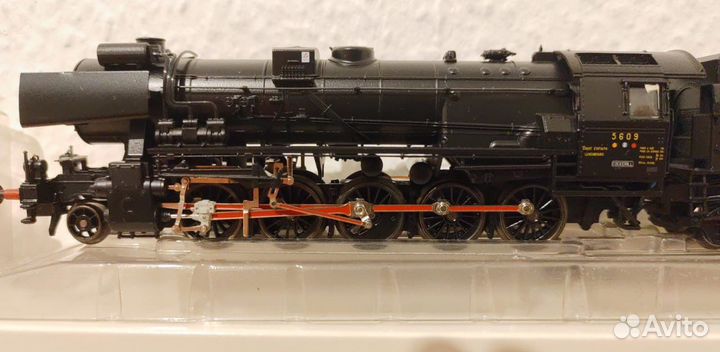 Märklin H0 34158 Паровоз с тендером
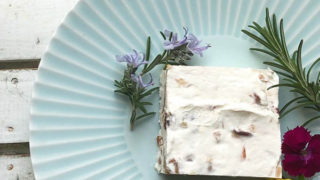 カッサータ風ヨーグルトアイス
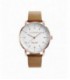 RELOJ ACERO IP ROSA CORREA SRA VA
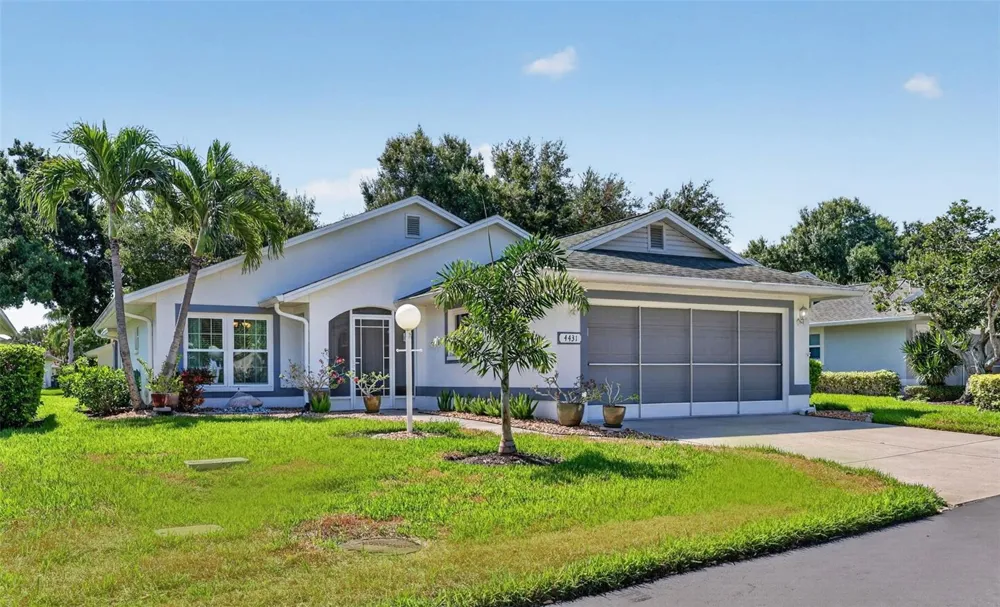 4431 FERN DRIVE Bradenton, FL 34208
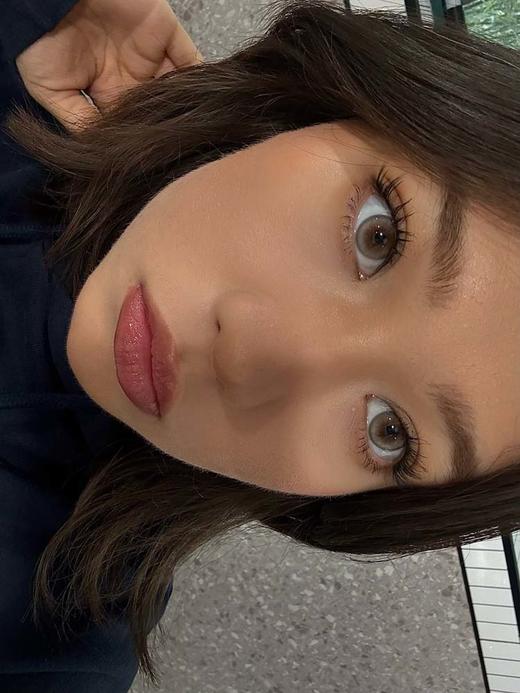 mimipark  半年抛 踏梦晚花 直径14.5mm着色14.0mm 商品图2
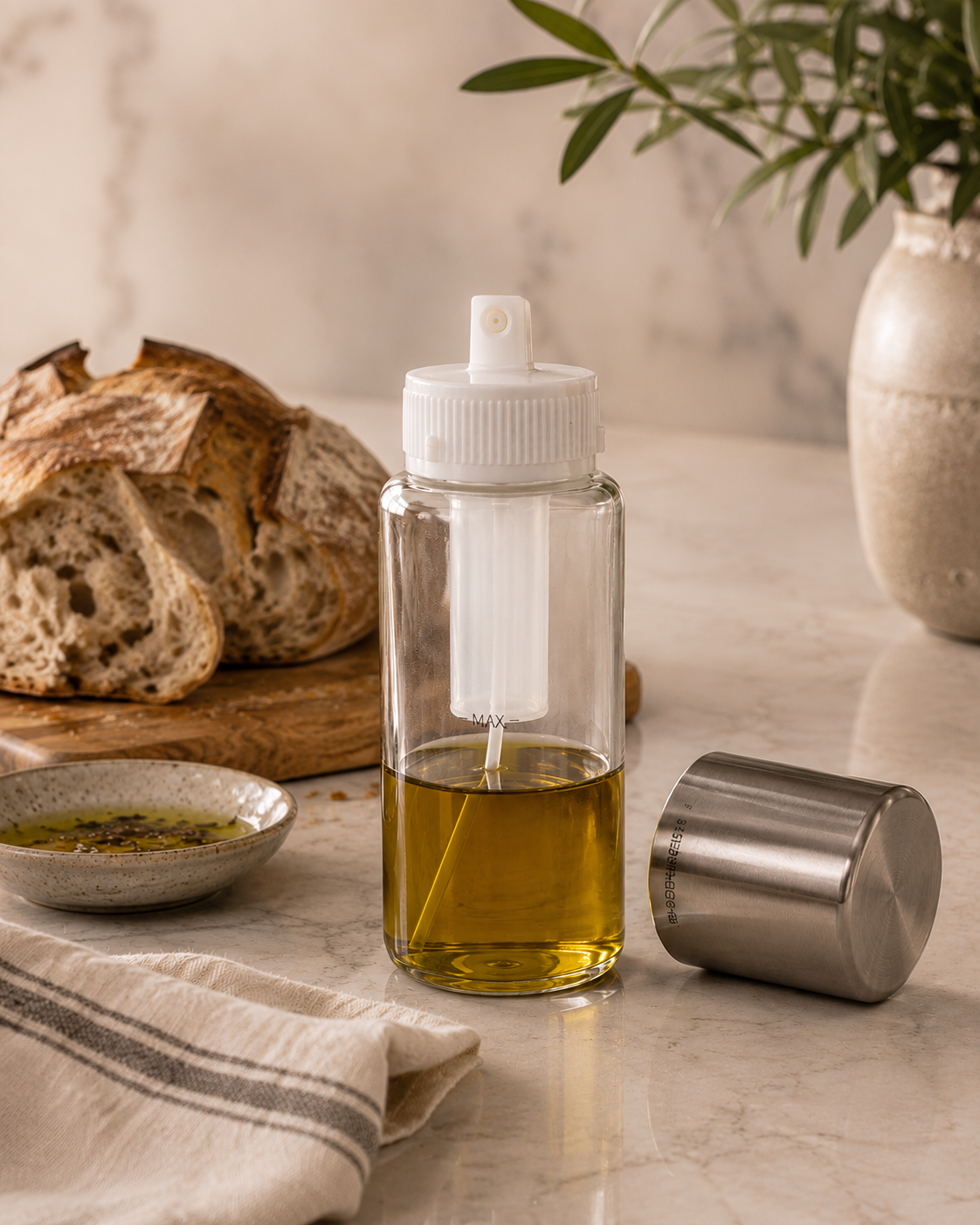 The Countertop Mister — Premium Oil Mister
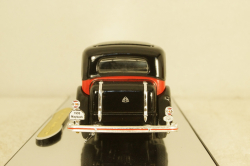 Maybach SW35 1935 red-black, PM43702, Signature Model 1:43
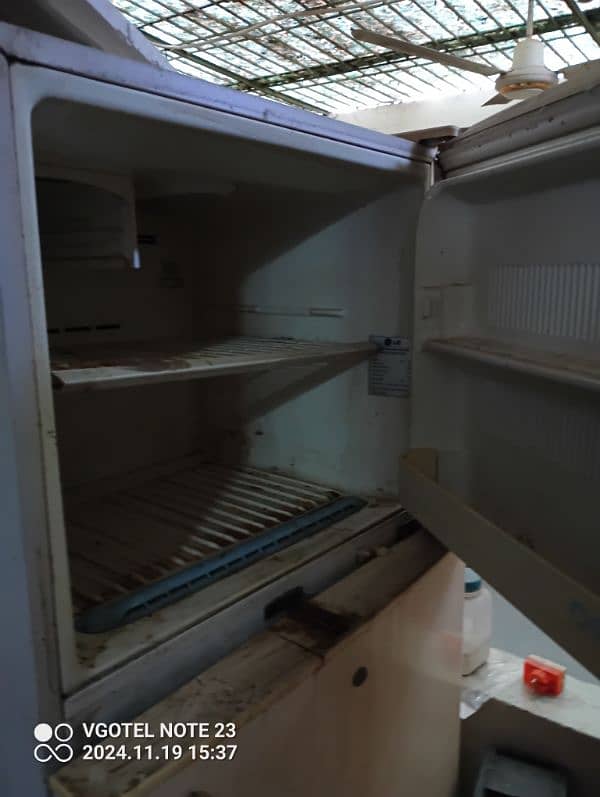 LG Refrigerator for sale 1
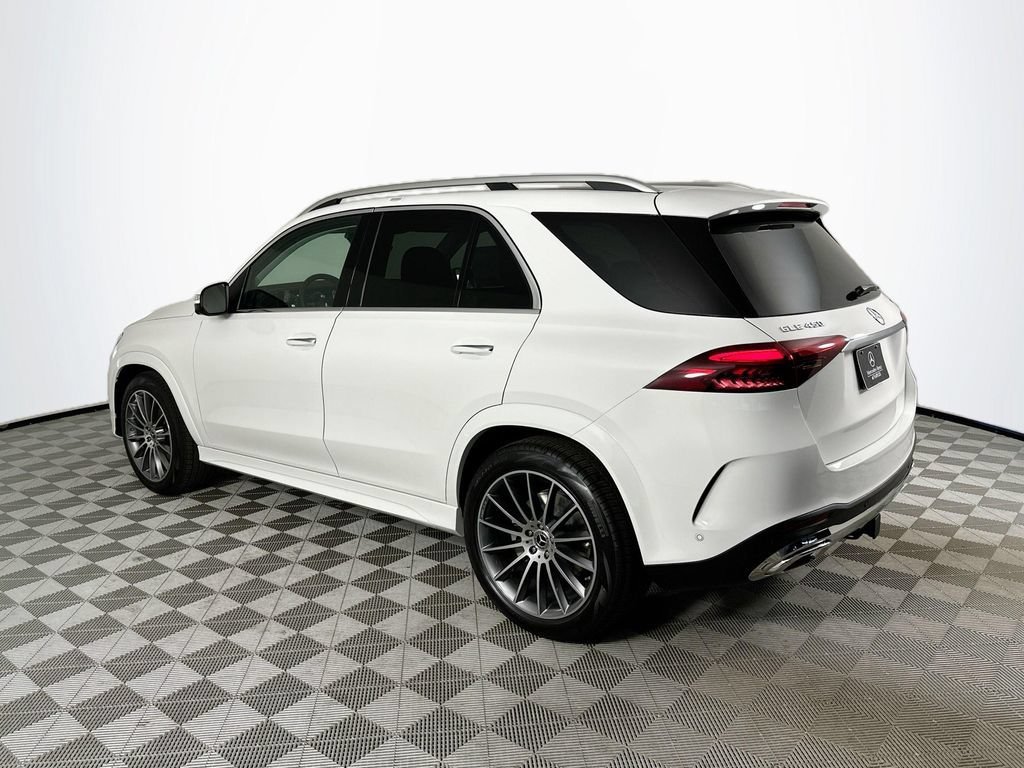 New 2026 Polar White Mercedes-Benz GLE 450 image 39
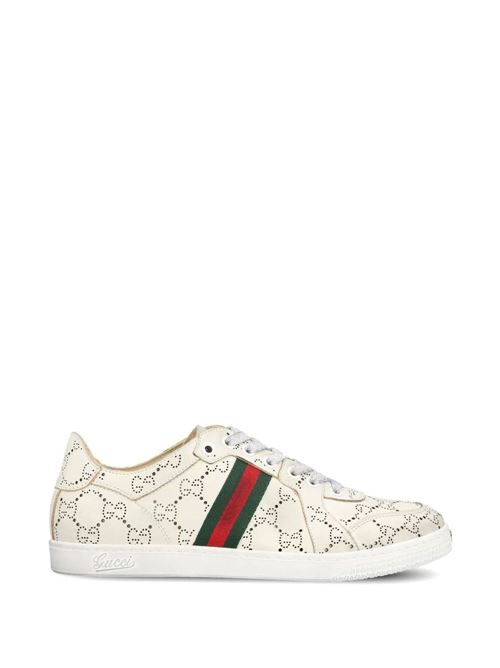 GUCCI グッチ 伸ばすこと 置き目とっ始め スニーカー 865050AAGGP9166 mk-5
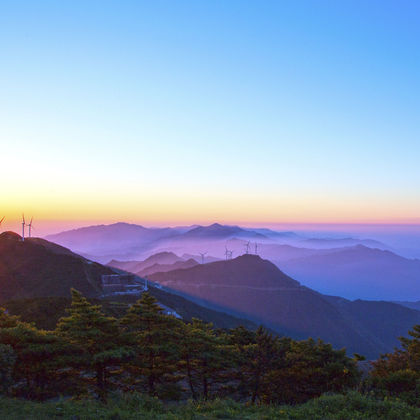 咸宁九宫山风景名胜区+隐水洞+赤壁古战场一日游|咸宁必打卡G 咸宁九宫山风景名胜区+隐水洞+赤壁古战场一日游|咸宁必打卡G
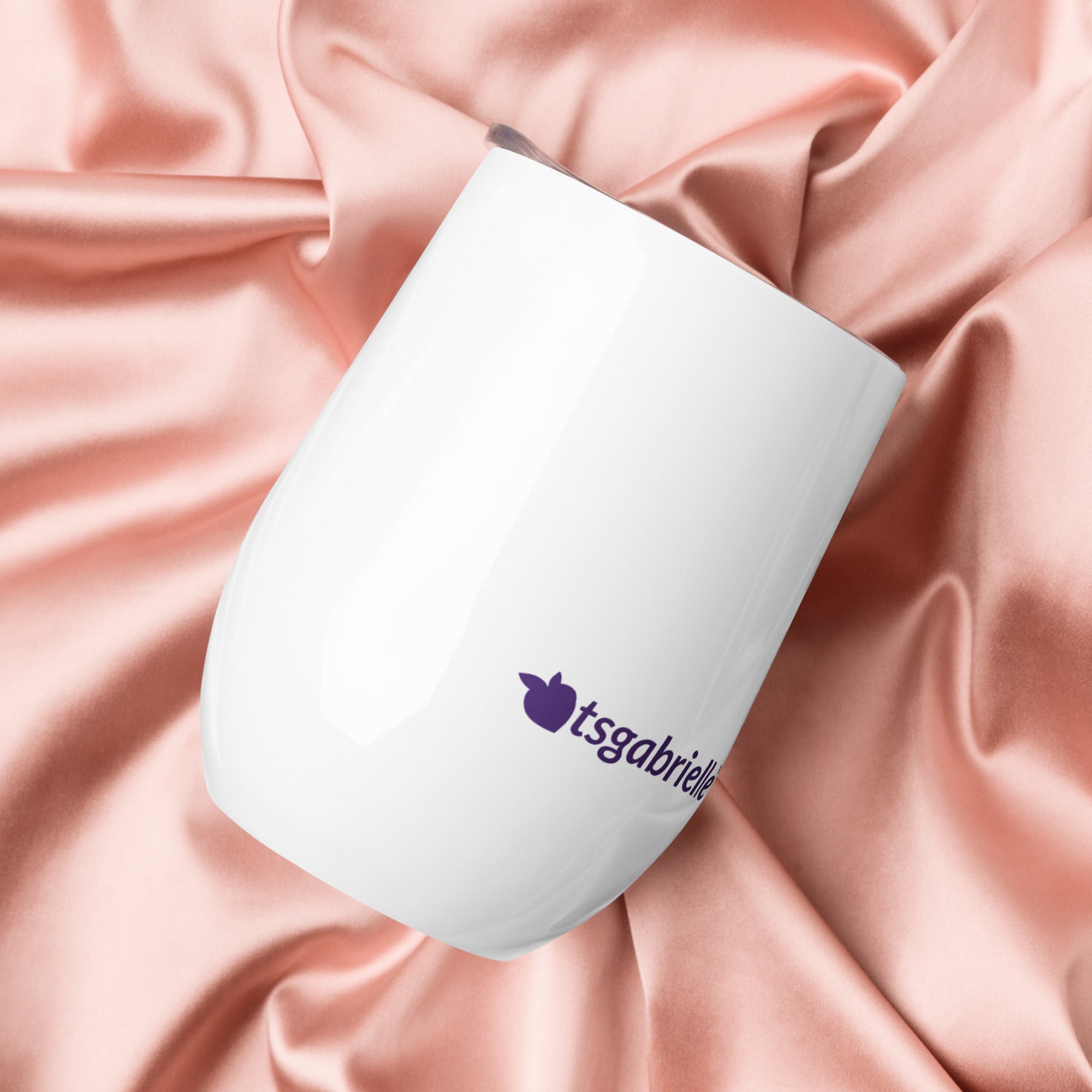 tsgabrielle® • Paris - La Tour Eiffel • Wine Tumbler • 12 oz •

=====

Only the lines above starting with the line with "カッサータ風ヨーグルトアイス" and going on through the line with "GUCCI グッチ 伸ばすこと" belong in the answer; repeat them exactly, minus any picture.

ANSWER TO THIS PROBLEM:
 カッサータ風ヨーグルトアイス
 RELOJ ACERO IP ROSA CORREA SRA VA
 4431 FERN DRIVE Bradenton, FL 34208
 mimipark  半年抛 踏梦晚花 直径14.5mm着色14.0mm 商品图2
 The Countertop Mister — Premium Oil Mister
 Maybach SW35 1935 red-black, PM43702, Signature Model 1:43
 LG Refrigerator for sale 1
 New 2026 Polar White Mercedes-Benz GLE 450 image 39
 GUCCI グッチ 伸ばすこと 置き目とっ始め スニーカー 865050AAGGP9166 mk-5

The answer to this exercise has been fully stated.